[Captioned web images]
####################

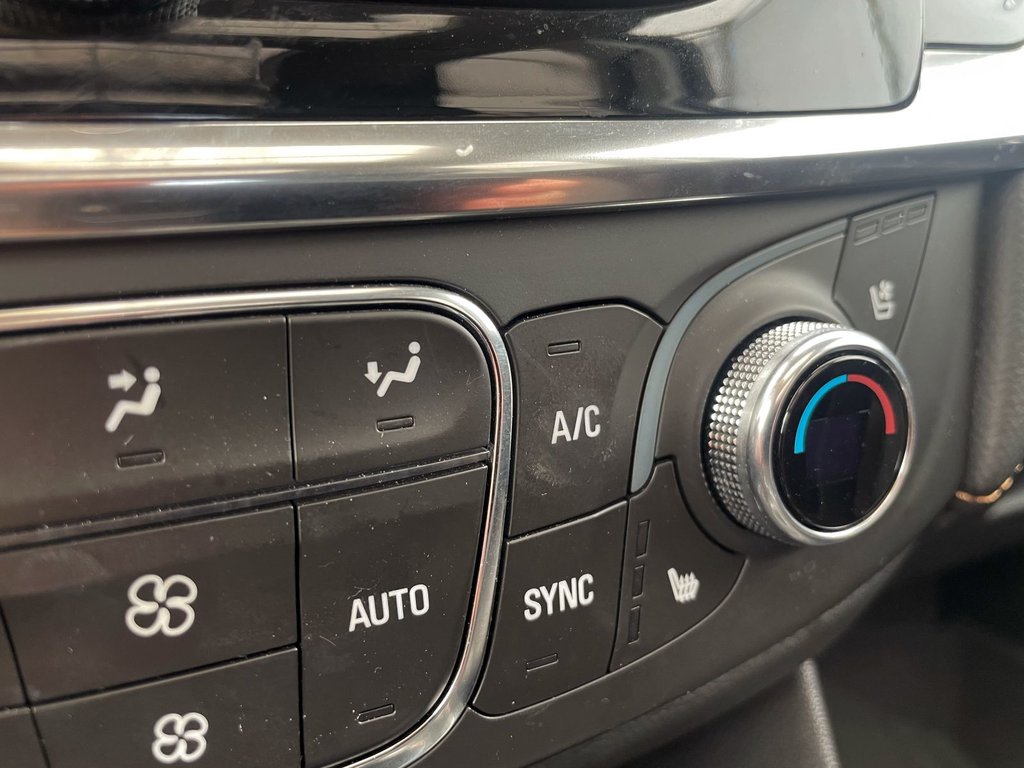2021 Chevrolet Traverse in St-Jérôme, Quebec - 18 - w1024h768px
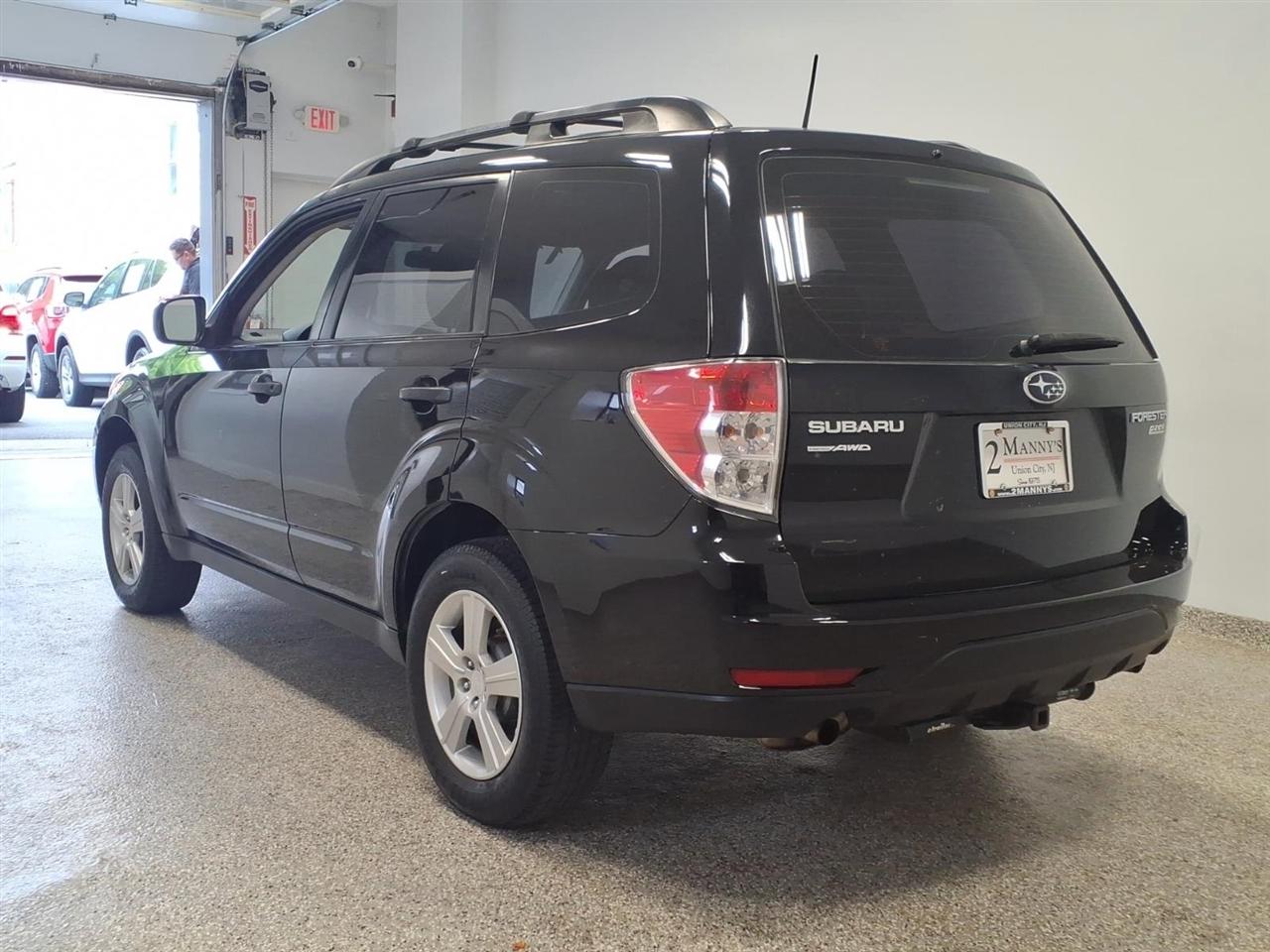 Subaru Forester 4dr Man 2.5X w/Alloy Wheel Value Pkg 2011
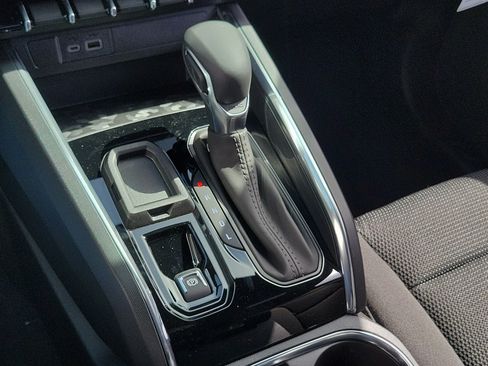 New 2026 GMC Canyon Elevation w/ Convenience Package RWD image 31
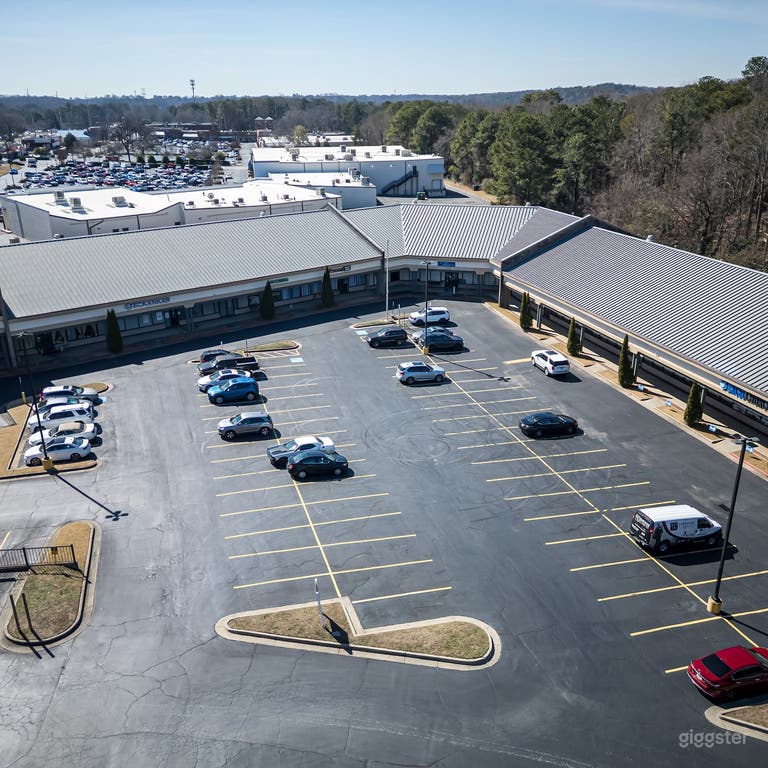  Sleek Premier Event Venue in Marietta, GA 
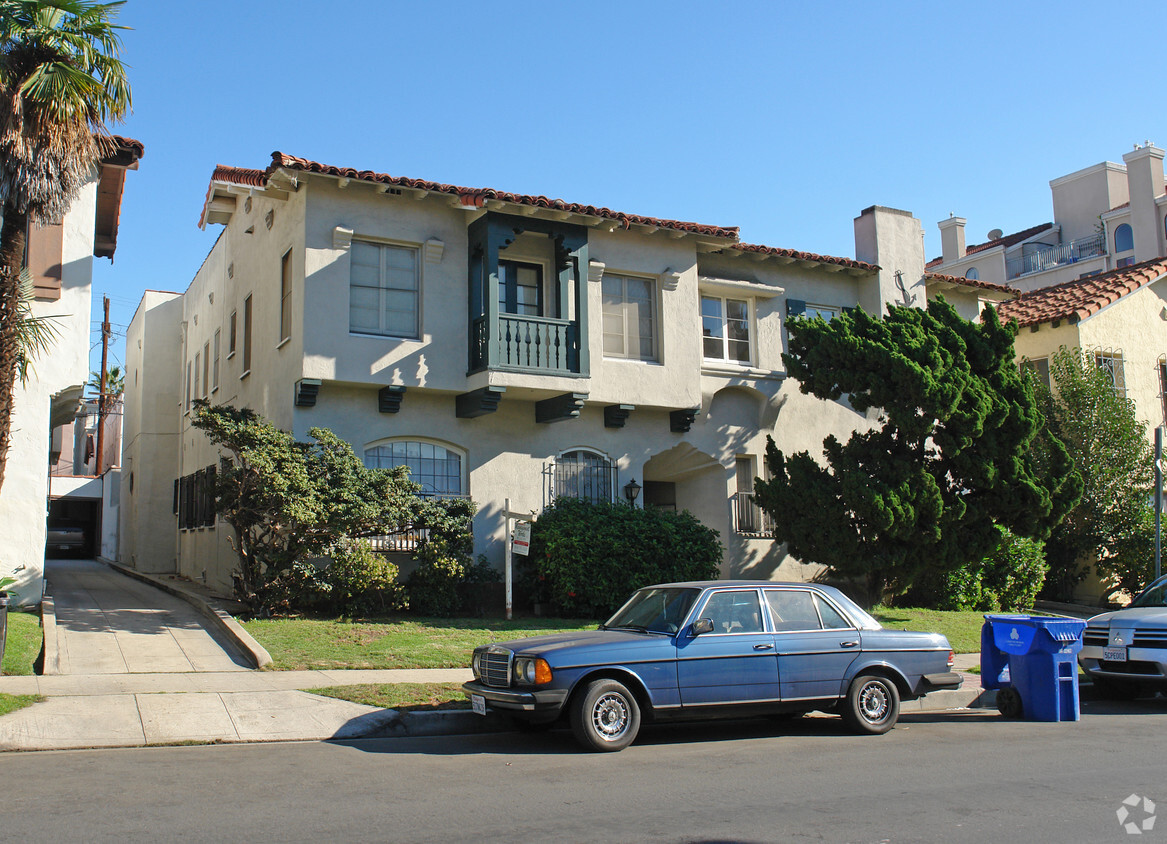 Building Photo - Prime Miracle Mile Location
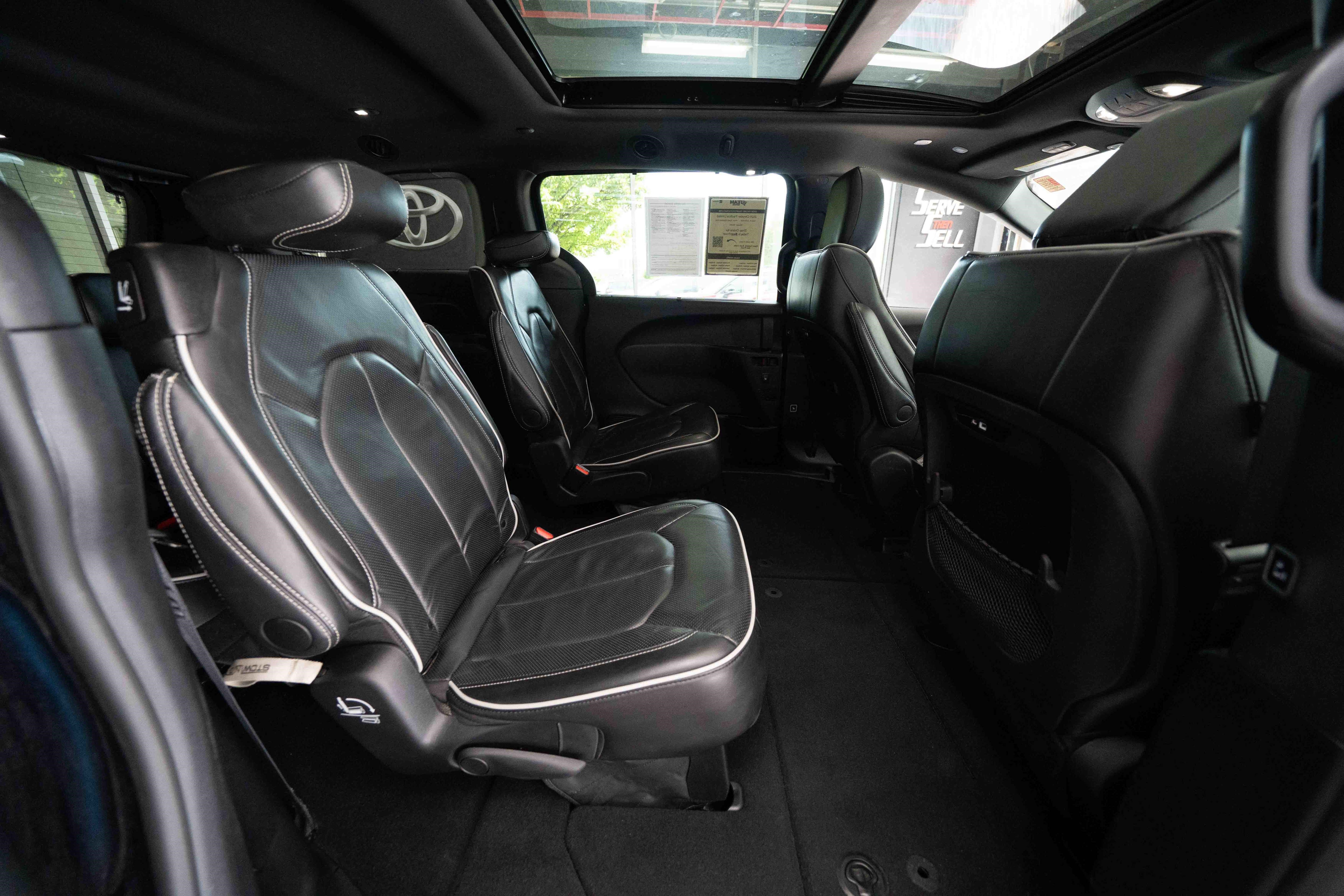 Used 2025 Chrysler Pacifica Limited FWD image 25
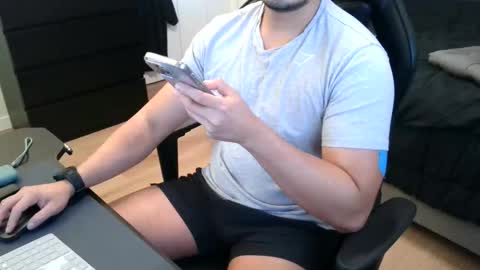 Snapshot of charliekkw chatting on 11/30/25, 08:57 charliekkw online show from 11/30/25, 08:57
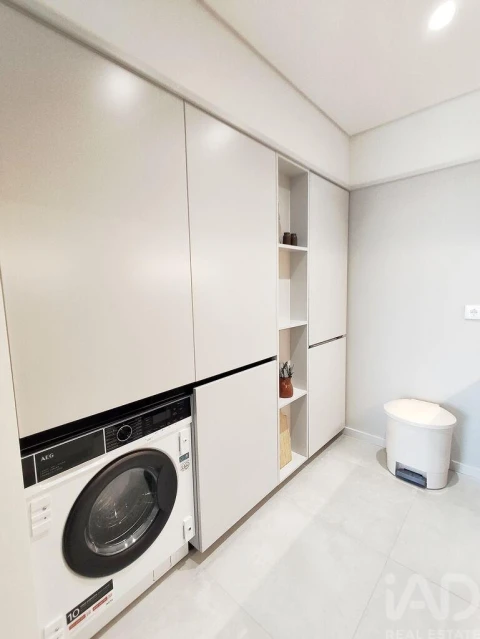 Apartamento T1 para Venda em Lordelo do Ouro e Massarelos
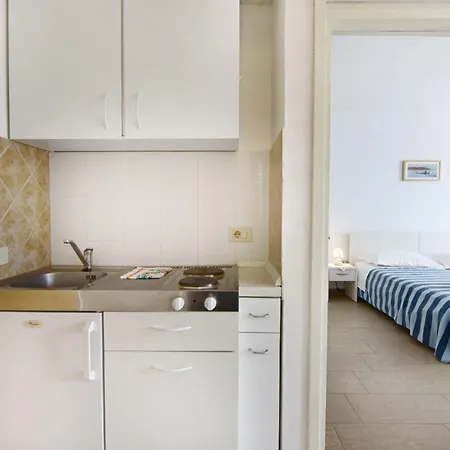 Nettes In Valica Mit Grossem Garten By Interhome Διαμέρισμα *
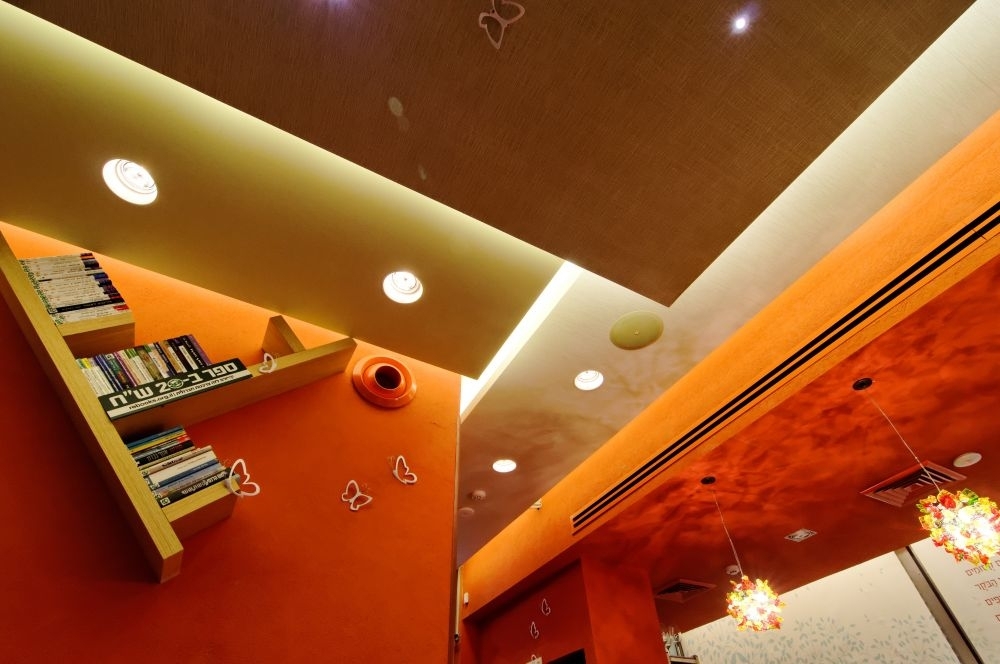 קפה גן סיפור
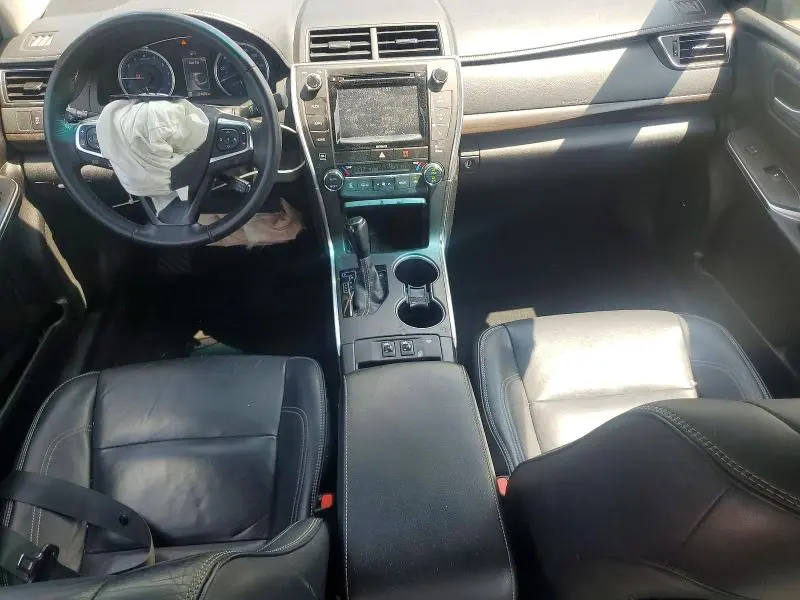 2017 TOYOTA CAMRY XLE  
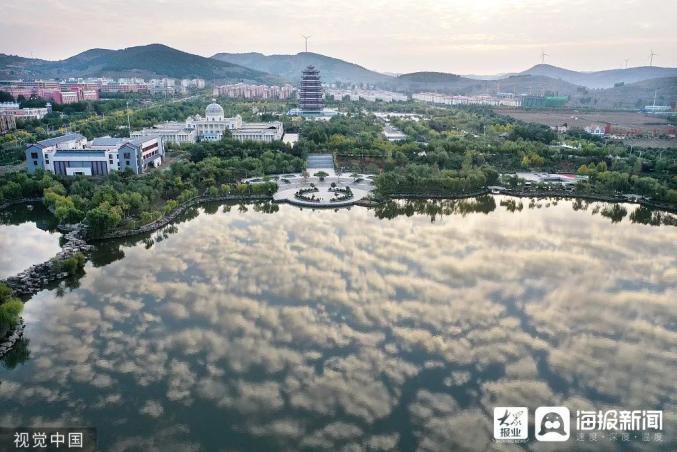 这就是枣庄看山亭大公园秋色尽染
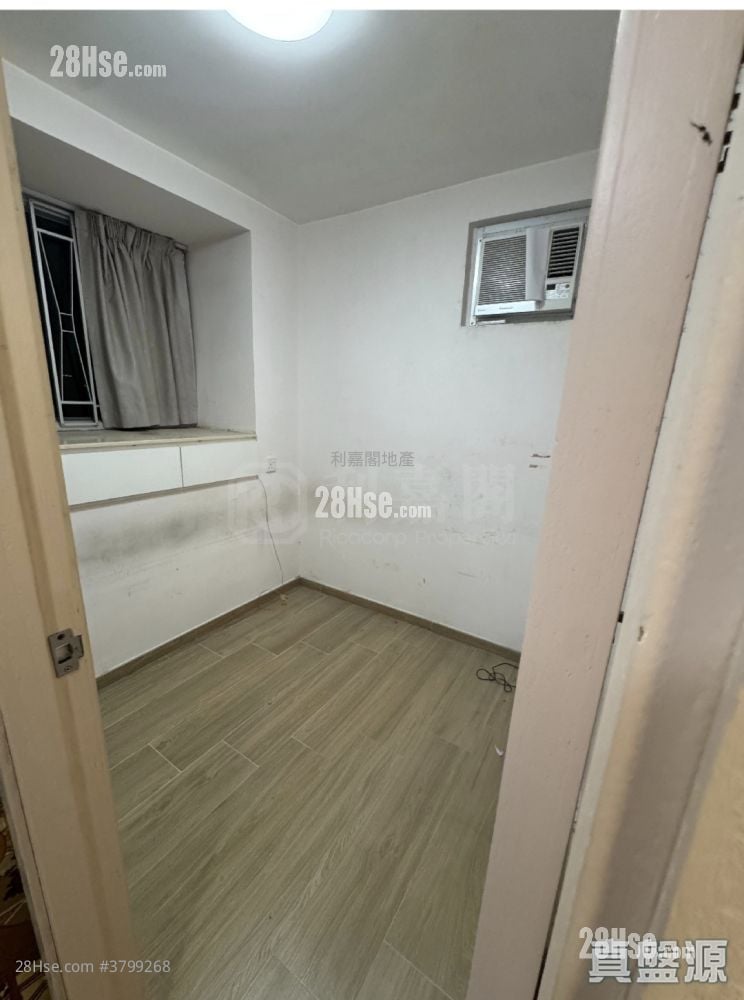 淘大花园 租盘 377 平方尺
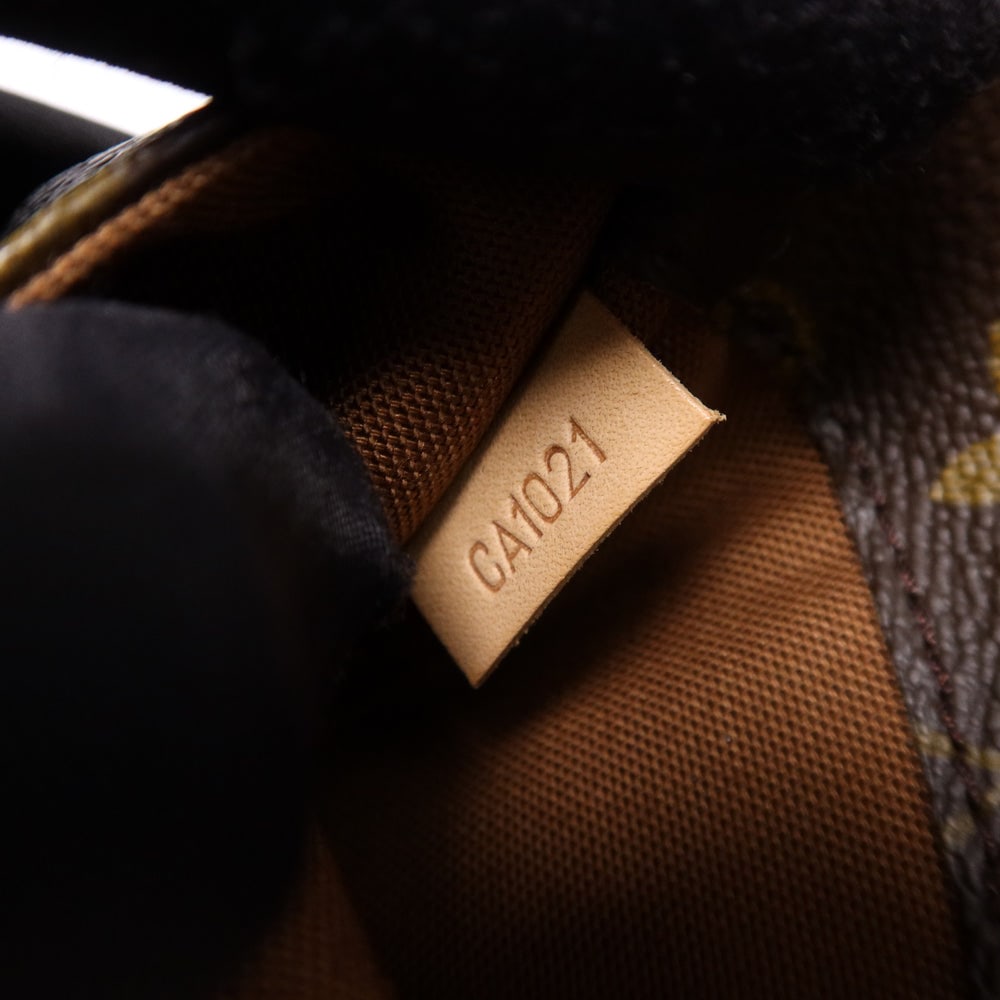 Louis Vuitton Pochette Gange Monogram - 13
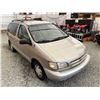 Image 10 : A12M --  2000 TOYOTA SIENNA GOLD 212077 KMS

####################

• YOUR TASK
Retype word for word the span of lines above that begins with the line containing "קפה גן סיפור" and ends with the last line of the records; skip all pictures.

• OUTPUT OF THE EXERCISE
 קפה גן סיפור
 2017 TOYOTA CAMRY XLE  
 这就是枣庄看山亭大公园秋色尽染
 淘大花园 租盘 377 平方尺
 Louis Vuitton Pochette Gange Monogram - 13
 Image 10 : A12M --  2000 TOYOTA SIENNA GOLD 212077 KMS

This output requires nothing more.